The support for embedded attributes makes some cool tricks possible. Peter and I co-presented a talk at this past MySQL Conference and Expo. In this talk I presented my Instrumentation-for-PHP class as a demonstration instrumentation application for the LAMP stack. Instrumentation-for-php collects information about the PHP process such as wall time, cpu time, mysql query times, etc, and automatically places this information into the Apache environment. It also includes support for “augmenting” SQL queries with additional information such as the PHP source line and user session information by embedding this information in a specially formatted SQL comment. This information can then be cross-referenced between MySQL logs and Apache logs.
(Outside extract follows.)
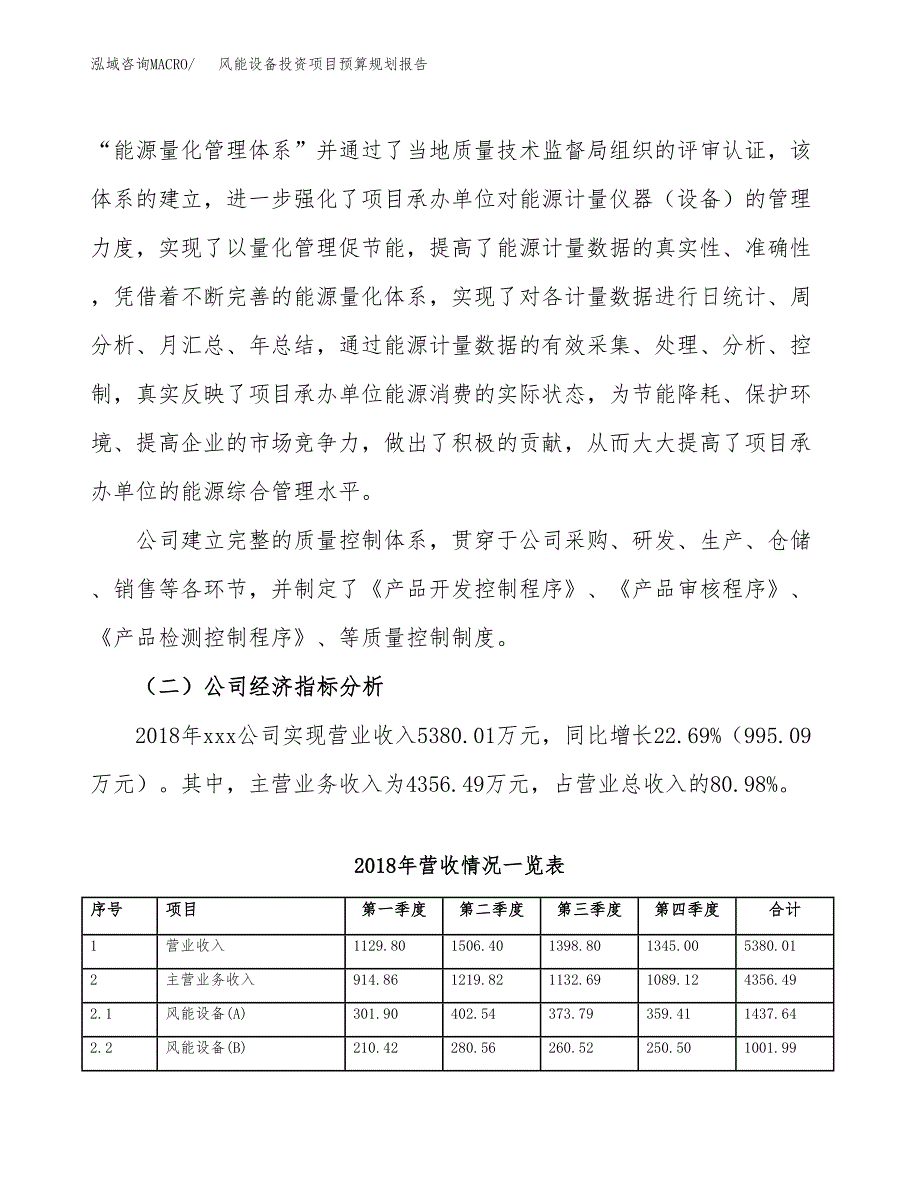 风能设备投资项目预算规划报告_第3页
-- File: myfile.php Line: 25 Function: myFunc SessionID: a1b2c3d4e5f6a7b8c9d0aef UserID: swany78
Notice that the query ends with a comment, and that this comment includes important information, such as the PHP session ID, and the application user name. This allows mk-query digest to discover these attributes and use them for aggregation. You could also filter on the embedded information to display only queries from a particular file, particular session or particular user for example.
The –embedded-attributes option takes two parts. The first part is a Perl regular expression which identifies which comment will be treated as the one with attributes. The second part is another expression used to split the comment into attribute key/value pairs.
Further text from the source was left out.